### WORK TO COMPLETE
Retype the listing exactly as it stands, and keep every image out.

### DATASET SECTION

□ □ □

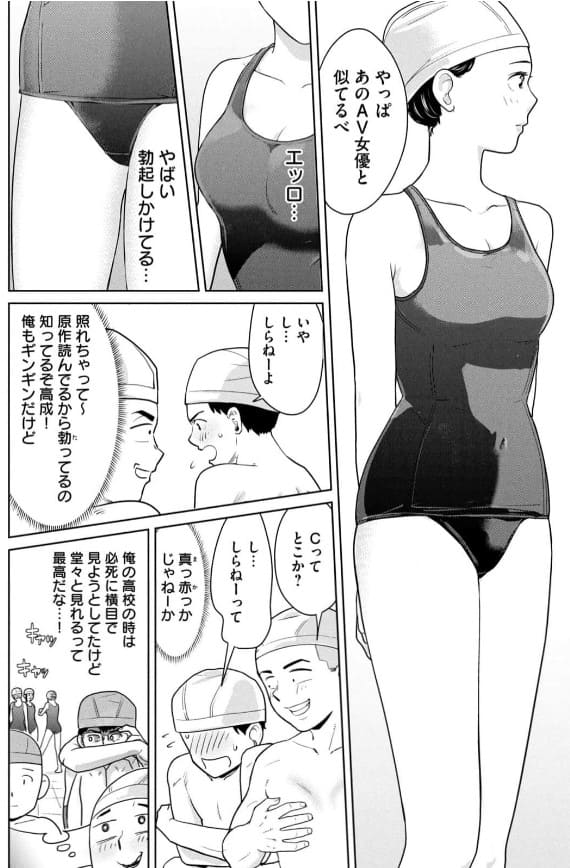 カラミざかＲｅ：転生（リボーン）したら坊主だったＤＴのエロシーン7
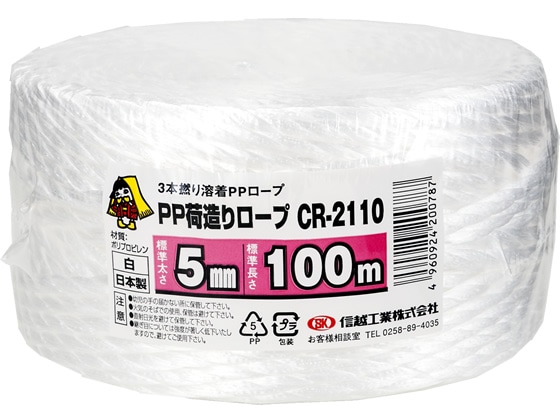 信越工業 PP荷造りロープ 白 5mm×100m CR-2110 1個（ご注文単位1個)【直送品】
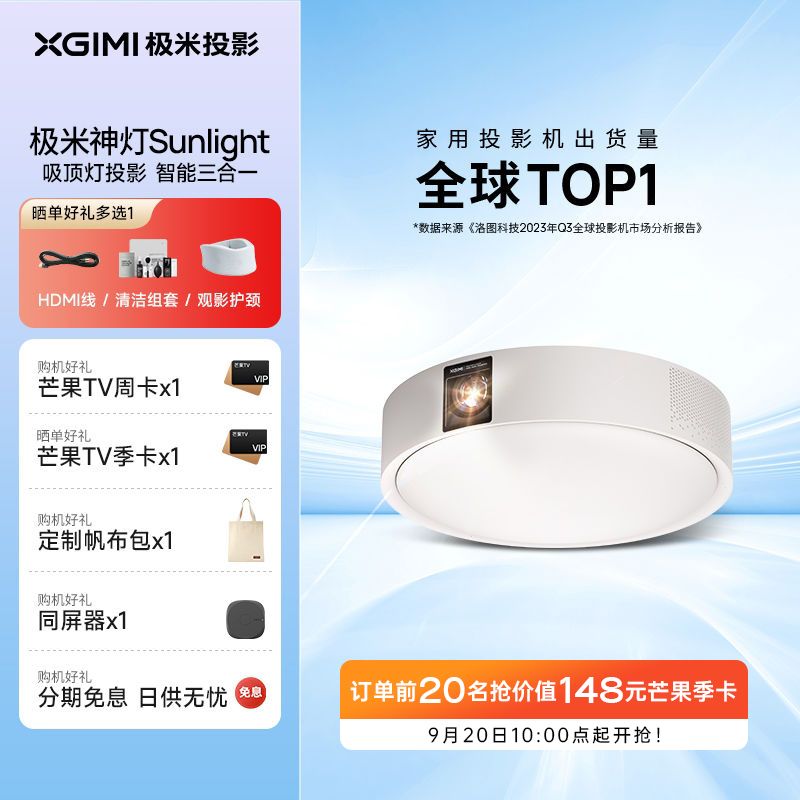 百亿补贴：XGIMI 极米 神灯sunlight吸顶灯智能投影仪家用三合一投墙 4299元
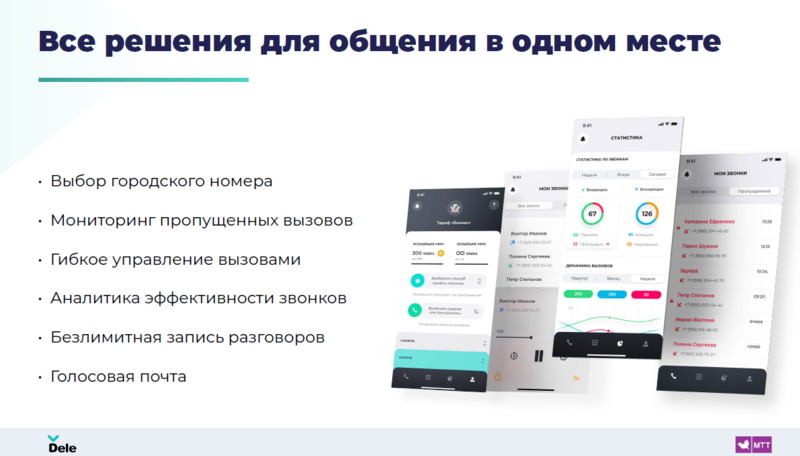 Файл:МТТ VDELE.png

□ □ □

### ANSWER SPACE
 カラミざかＲｅ：転生（リボーン）したら坊主だったＤＴのエロシーン7
 信越工業 PP荷造りロープ 白 5mm×100m CR-2110 1個（ご注文単位1個)【直送品】
 百亿补贴：XGIMI 极米 神灯sunlight吸顶灯智能投影仪家用三合一投墙 4299元
 Файл:МТТ VDELE.png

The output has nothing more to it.